EX-99.(J)(II) 10 jhablf-html5161_ex992jii.htm CUSTODIAN AGREEMENT NOTICE DATED JUNE 15, 2022

 Exhibit (j)(ii)

State Street Bank and Trust Company

Channel Center

One Iron Street

Boston, Massachusetts 02210

Attention: Mark Branigan, Vice President

 

Re:  John Hancock Asset-Based Lending Fund (the “Fund”)

 

Ladies and Gentlemen:

 

Please be advised that the undersigned Fund has been incorporated and registered as a management investment company under the Investment Company Act of 1940, as amended.

 

In accordance with Section 22.5, the additional funds provision of the Master Custodian Agreement dated as of September 10, 2008 by and among each management investment company party thereto and State Street Bank and Trust Company (“State Street”) (as amended, modified or supplemented from time to time, the “Custodian Agreement”), the Fund hereby requests that your bank act as its Custodian under the terms and conditions of the Custodian Agreement.
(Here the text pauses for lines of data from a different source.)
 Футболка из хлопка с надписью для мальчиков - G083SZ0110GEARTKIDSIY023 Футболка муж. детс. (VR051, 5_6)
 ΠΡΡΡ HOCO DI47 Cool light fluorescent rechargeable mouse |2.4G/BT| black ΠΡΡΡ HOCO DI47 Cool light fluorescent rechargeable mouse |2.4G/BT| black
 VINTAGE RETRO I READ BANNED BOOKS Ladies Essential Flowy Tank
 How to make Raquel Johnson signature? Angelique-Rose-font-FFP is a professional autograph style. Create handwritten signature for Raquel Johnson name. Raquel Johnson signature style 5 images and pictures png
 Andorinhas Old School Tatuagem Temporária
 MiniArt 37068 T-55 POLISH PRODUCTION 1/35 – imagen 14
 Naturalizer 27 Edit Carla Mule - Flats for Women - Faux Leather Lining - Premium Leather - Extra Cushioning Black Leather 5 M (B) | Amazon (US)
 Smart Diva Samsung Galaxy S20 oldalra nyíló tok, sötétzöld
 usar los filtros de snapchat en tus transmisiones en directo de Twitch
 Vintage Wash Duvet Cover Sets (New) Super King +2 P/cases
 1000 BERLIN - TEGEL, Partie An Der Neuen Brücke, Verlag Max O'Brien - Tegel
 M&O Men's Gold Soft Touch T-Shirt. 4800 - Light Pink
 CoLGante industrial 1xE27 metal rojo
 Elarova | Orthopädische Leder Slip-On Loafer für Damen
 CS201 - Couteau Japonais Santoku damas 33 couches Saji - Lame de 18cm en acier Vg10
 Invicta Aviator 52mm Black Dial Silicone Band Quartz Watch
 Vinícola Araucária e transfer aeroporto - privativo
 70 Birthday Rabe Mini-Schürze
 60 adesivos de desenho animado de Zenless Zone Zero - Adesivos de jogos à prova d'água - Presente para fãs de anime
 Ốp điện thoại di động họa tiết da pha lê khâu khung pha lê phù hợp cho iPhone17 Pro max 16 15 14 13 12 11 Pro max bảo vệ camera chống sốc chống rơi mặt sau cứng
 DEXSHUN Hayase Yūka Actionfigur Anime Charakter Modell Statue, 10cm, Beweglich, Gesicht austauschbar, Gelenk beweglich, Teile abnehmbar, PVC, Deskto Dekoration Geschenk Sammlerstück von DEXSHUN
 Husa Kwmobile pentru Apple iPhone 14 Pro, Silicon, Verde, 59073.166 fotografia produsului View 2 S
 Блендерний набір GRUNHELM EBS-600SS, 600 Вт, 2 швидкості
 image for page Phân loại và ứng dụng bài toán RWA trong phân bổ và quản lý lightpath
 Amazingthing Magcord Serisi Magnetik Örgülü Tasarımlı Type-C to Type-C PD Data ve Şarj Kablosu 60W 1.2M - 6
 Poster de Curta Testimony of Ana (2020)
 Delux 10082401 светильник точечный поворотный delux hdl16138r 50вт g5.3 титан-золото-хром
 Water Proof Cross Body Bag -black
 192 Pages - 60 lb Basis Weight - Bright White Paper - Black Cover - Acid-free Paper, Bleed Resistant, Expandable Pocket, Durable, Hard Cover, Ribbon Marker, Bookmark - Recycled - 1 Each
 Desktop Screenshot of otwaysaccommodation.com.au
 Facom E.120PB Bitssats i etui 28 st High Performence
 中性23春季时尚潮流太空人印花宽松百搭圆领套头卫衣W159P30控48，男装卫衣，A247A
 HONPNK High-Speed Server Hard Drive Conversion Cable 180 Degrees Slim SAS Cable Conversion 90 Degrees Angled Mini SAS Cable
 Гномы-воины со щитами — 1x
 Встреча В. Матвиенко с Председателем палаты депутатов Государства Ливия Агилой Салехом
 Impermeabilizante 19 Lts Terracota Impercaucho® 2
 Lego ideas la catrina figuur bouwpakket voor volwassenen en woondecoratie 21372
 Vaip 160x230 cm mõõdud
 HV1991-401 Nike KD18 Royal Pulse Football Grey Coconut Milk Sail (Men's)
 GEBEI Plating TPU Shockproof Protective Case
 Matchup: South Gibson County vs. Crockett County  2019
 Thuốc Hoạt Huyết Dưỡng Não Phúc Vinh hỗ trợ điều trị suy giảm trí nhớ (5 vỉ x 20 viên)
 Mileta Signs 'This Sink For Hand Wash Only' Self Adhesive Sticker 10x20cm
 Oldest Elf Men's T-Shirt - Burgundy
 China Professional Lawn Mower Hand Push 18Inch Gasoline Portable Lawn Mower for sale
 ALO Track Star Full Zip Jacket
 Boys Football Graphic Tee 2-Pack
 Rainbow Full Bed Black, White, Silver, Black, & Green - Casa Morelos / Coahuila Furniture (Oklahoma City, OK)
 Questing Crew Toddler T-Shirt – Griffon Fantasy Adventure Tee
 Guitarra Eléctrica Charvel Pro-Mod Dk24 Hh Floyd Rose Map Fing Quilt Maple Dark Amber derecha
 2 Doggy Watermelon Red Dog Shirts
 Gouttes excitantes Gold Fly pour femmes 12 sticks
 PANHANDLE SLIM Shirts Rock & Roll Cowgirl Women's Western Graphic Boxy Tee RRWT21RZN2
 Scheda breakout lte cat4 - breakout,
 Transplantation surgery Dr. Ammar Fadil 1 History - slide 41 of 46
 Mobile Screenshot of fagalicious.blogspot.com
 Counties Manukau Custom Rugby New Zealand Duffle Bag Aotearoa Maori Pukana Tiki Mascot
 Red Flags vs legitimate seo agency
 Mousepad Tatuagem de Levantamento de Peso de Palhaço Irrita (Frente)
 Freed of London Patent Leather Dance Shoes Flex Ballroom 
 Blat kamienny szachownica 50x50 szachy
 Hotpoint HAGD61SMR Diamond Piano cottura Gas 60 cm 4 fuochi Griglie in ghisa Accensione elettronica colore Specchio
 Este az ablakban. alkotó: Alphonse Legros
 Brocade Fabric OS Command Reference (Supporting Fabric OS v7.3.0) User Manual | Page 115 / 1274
In connection with such request, the undersigned Fund hereby confirms, as of the date hereof, its representations and warranties set forth in Section 22.7 of the Agreement.

 

In addition, the parties hereby agree that the State Street will provide the accounting services listed on Appendix I hereto with respect to the Fund.

 

This notice and any other communications hereunder that are required to be in writing may be in electronic form (including without limitation by facsimile and, in the case of notices and other communications, email) and may be executed by means of electronic signatures.

 

Kindly indicate your acceptance of the foregoing by executing this letter agreement and returning a copy to the Fund.

 

  Sincerely,
   
  John Hancock Asset-Based Lending Fund
     
  By: /s/ Charles A. Rizzo
  Name: Charles A. Rizzo
  Title: Chief Financial Officer

 

Agreed and Accepted:

 

STATE STREET BANK AND TRUST COMPANY

 

By: /s/ James F. Smith  
Name: James F. Smith  
Title: Managing Director  
Effective Date:  June 15, 2022  
 

 

Appendix I

Accounting Services

 

a.Process trade file transmitted by the Fund on trade-date, subject to State Street’s timely receipt of necessary information. The trade file from the Fund will include security identifier, quantity, price, and other pertinent information required to process each trade;
b.Maintain database detail of fund investment transactions, including but not limited to reflecting loan activity and accruals;
c.Provide standard data files on a daily basis, as agreed between both parties from time to time, including, but not limited to, security level data, cash flows, accruals and other related activity.
d.Calculate estimated and final month-end Net Asset Value (“NAV”), including supporting schedules and trial balances, for the Fund, timing of delivery to be agreed upon by the Fund and State Street and subject to State Street’s timely receipt of necessary information from third parties;
e.Reconcile the Fund’s cash holdings with the records of its custodian daily;
f.Prepare reconciliation report of cash, trades and positions to prime broker, agent notices, and custodian statements (where prime brokers or custodians are utilized), subject to the receipt of information from third parties. The Fund shall be responsible for the resolution of reconciliation issues;
g.Maintain individual tax lots for each security purchase/sale;
h.Calculate realized gains or losses on security trades, subject to the receipt of trade file information from the Fund;
i.Prepare and provide monthly calculation of management and incentive fees and book accruals for legal, accounting and any other third party fees and expenses as required and as directed by the Fund;
j.Maintain the books and records of the Fund in accordance with the terms of the applicable operating agreement and generally accepted accounting principles;
k.Calculate monthly indicative NAV and any Ad-Hoc NAV to support capital calls for the Fund based solely on information provided by the Fund or as otherwise directed. The timing of delivery of such calculations will be agreed upon by the Fund and State Street and is subject to State Street’s timely receipt of necessary information from the Fund and authorized third parties; and
l.Additional ad hoc reporting as may be agreed to by both parties from time to time.